_ENTRIES SHOWN:_
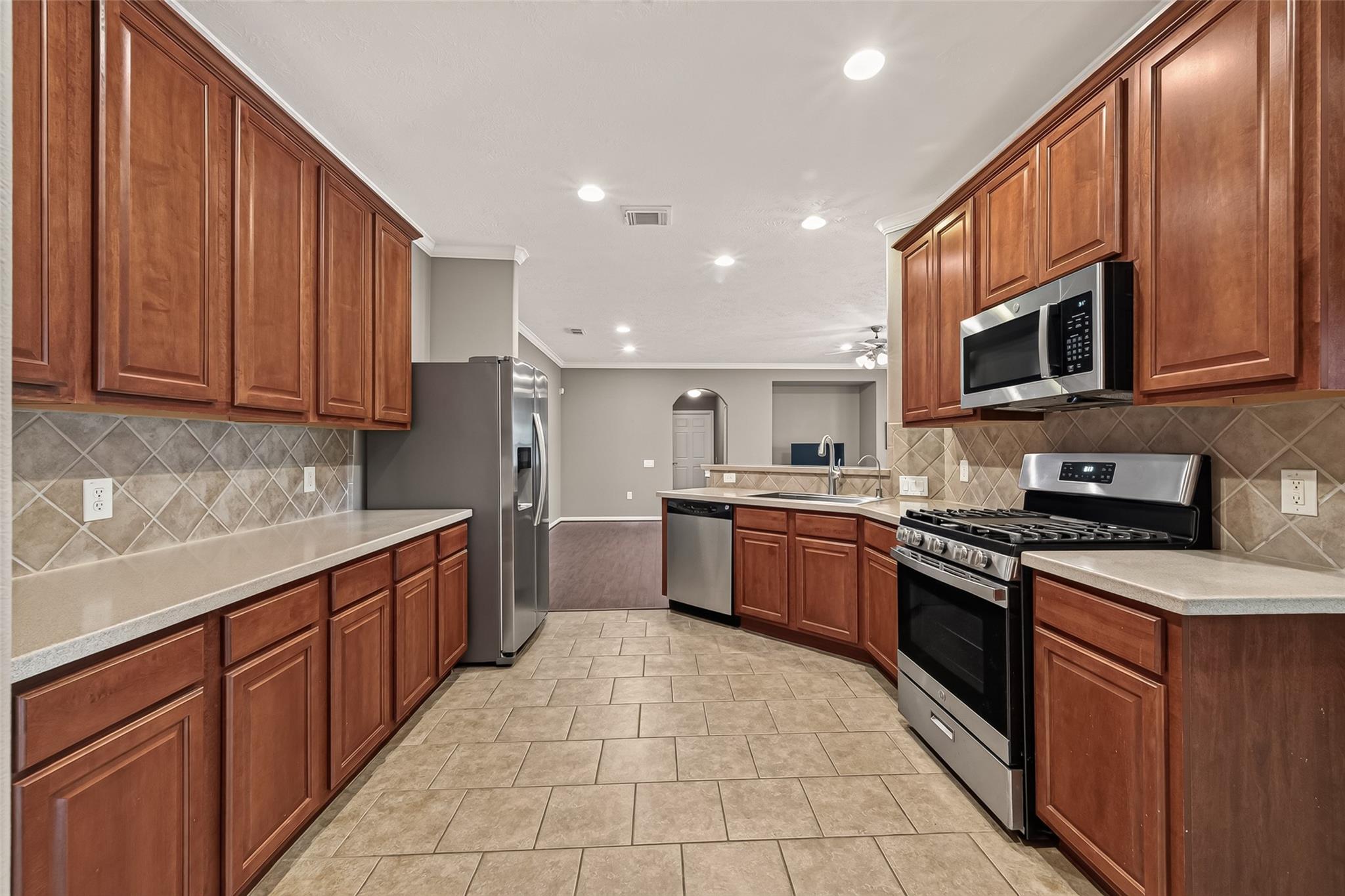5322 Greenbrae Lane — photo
* * *
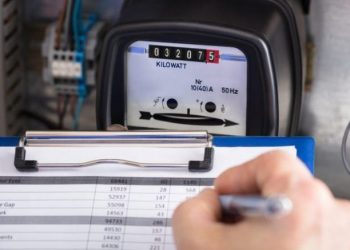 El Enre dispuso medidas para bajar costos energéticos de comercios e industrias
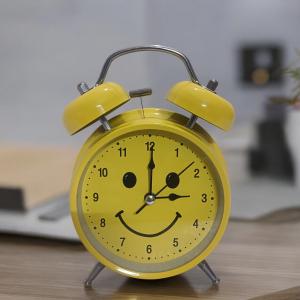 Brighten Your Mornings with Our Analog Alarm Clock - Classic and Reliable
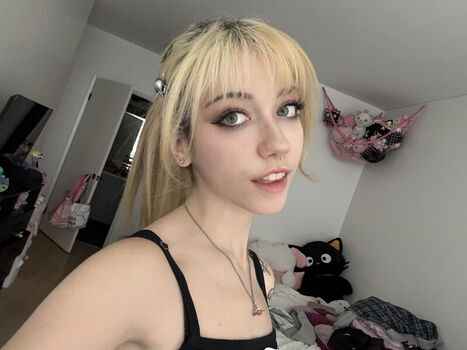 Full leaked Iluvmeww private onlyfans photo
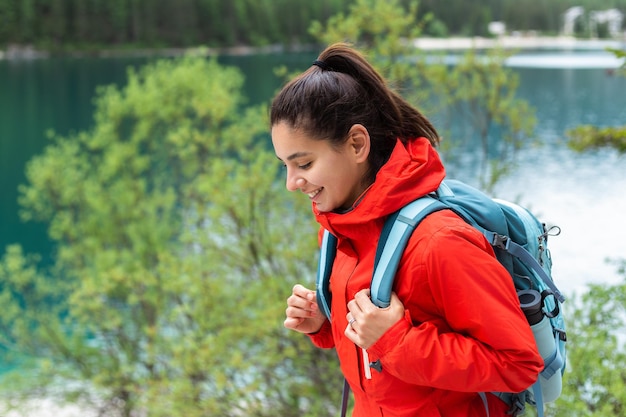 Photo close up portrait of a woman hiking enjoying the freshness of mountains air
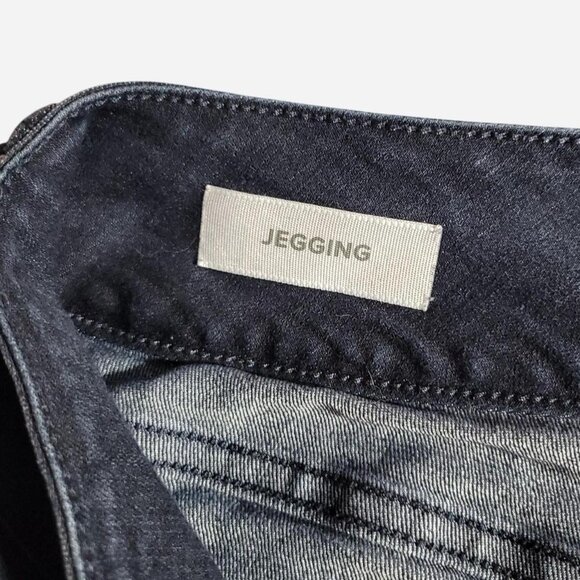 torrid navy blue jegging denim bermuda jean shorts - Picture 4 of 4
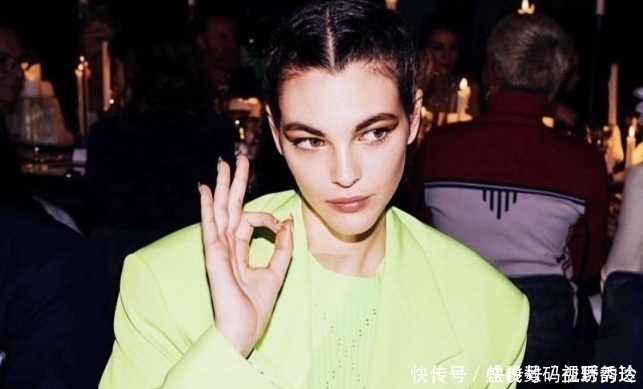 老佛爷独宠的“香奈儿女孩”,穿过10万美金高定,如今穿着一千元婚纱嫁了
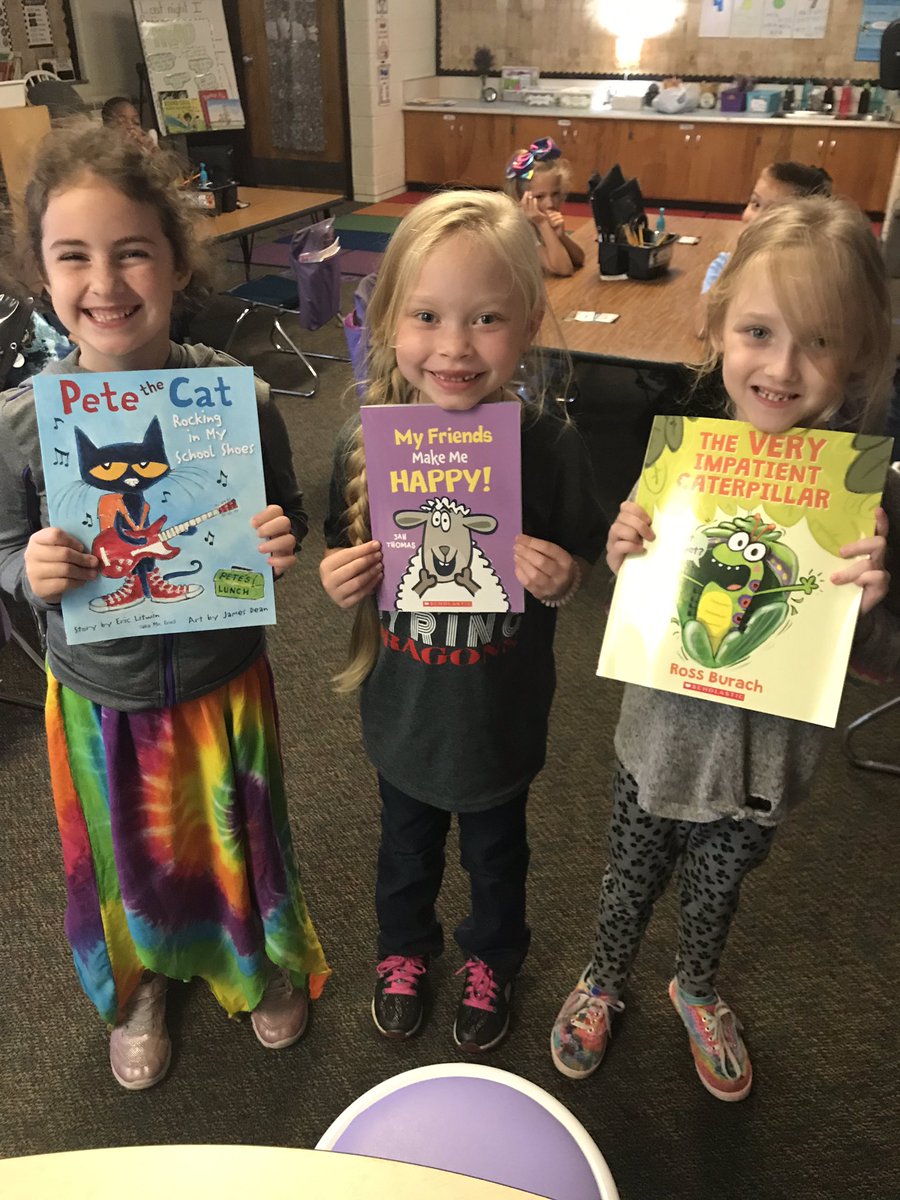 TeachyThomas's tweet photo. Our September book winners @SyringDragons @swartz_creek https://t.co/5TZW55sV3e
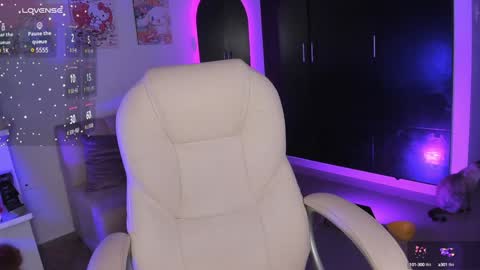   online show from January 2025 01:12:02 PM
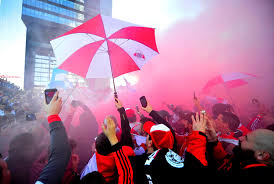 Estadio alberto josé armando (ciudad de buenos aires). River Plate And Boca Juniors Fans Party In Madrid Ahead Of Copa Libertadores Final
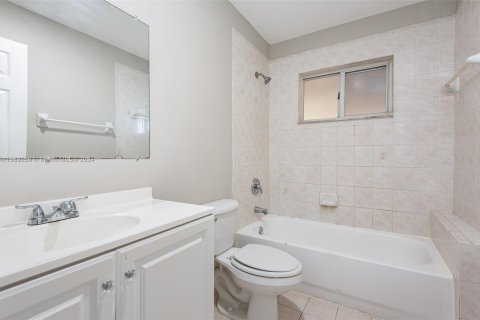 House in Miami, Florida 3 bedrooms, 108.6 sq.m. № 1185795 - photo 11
==
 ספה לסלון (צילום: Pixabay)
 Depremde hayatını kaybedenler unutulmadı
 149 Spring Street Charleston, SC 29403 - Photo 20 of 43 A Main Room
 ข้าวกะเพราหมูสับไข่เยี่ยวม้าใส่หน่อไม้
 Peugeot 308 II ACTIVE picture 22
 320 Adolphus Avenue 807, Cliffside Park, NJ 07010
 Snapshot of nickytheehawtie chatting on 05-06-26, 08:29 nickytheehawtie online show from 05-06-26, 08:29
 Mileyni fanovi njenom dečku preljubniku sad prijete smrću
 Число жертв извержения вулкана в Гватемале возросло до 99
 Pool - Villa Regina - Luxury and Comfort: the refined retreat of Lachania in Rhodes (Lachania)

_TASK DESCRIPTION:_ Reproduce the data above exactly, but only from the line containing "Brighten Your Mornings" through the line containing "House in Miami, Florida"; skip the pictures.

_RESULT OF THIS EXERCISE:_
 Brighten Your Mornings with Our Analog Alarm Clock - Classic and Reliable
 Full leaked Iluvmeww private onlyfans photo
 Photo close up portrait of a woman hiking enjoying the freshness of mountains air
 torrid navy blue jegging denim bermuda jean shorts - Picture 4 of 4
 老佛爷独宠的“香奈儿女孩”,穿过10万美金高定,如今穿着一千元婚纱嫁了
 TeachyThomas's tweet photo. Our September book winners @SyringDragons @swartz_creek https://t.co/5TZW55sV3e
   online show from January 2025 01:12:02 PM
 Estadio alberto josé armando (ciudad de buenos aires). River Plate And Boca Juniors Fans Party In Madrid Ahead Of Copa Libertadores Final
 House in Miami, Florida 3 bedrooms, 108.6 sq.m. № 1185795 - photo 11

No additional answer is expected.